• Work item: A verbatim restatement of the data, free of pictures, is what you should output.

• Supplied material:
%%

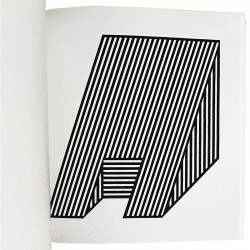 "Isometric Drawings" de l'artiste Sol LeWitt, exposé à la John Weber Gallery, New York, 1982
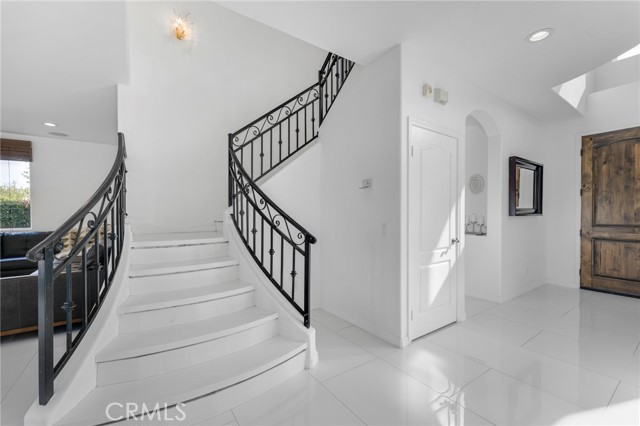 Detail Gallery Image 11 of 29 For 6997 Sale Ave, West Hills,  CA 91307 - 5 Beds | 3 Baths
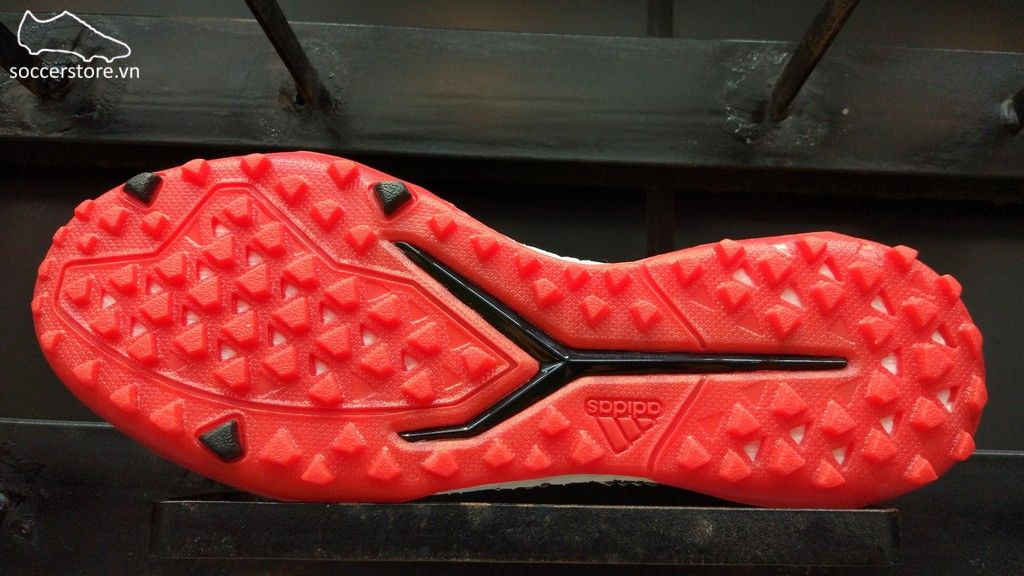 Adidas Predator Tango 18+ TF- Core Black/ White/ Red DB2058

%%

• Task result:
 "Isometric Drawings" de l'artiste Sol LeWitt, exposé à la John Weber Gallery, New York, 1982
 Detail Gallery Image 11 of 29 For 6997 Sale Ave, West Hills,  CA 91307 - 5 Beds | 3 Baths
 Adidas Predator Tango 18+ TF- Core Black/ White/ Red DB2058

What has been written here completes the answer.